Segment Open

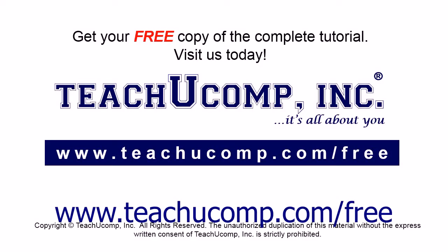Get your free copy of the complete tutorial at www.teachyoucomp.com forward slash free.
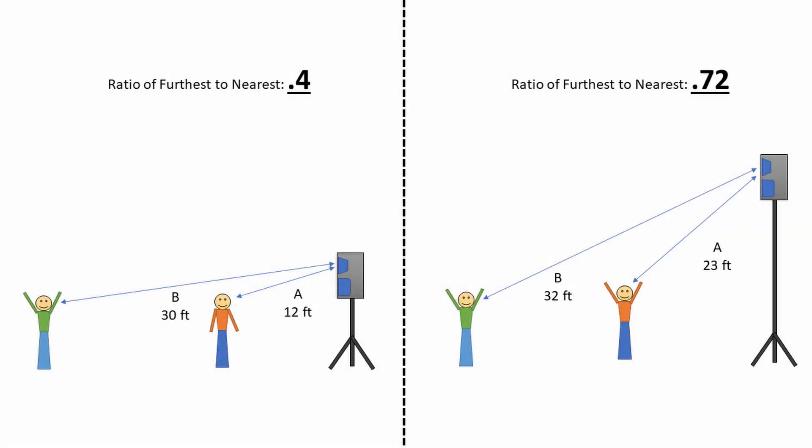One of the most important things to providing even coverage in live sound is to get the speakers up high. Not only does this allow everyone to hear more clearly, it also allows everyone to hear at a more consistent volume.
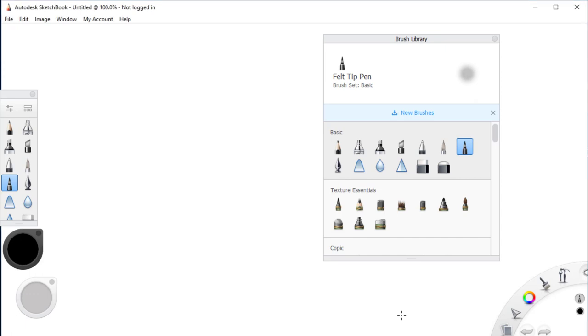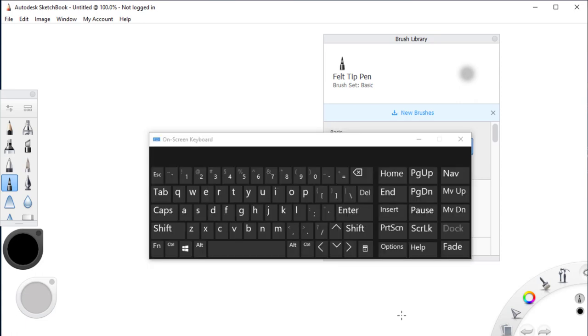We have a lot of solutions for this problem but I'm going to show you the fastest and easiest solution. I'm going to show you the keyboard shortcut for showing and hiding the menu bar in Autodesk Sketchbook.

Segment Closed
Segment Open

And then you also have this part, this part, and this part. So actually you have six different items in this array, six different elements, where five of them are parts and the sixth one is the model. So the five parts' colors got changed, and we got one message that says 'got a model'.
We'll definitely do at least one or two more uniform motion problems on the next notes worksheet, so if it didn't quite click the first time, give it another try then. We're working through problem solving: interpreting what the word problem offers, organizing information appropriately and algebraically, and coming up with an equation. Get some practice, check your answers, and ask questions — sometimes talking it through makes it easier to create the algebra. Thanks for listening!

Segment Closed

Print the line above containing "Get your free", the line containing "We have a lot", and everything between them, exactly as written. Pictures stay out.

Expected answer:
Get your free copy of the complete tutorial at www.teachyoucomp.com forward slash free.
One of the most important things to providing even coverage in live sound is to get the speakers up high. Not only does this allow everyone to hear more clearly, it also allows everyone to hear at a more consistent volume.
We have a lot of solutions for this problem but I'm going to show you the fastest and easiest solution. I'm going to show you the keyboard shortcut for showing and hiding the menu bar in Autodesk Sketchbook.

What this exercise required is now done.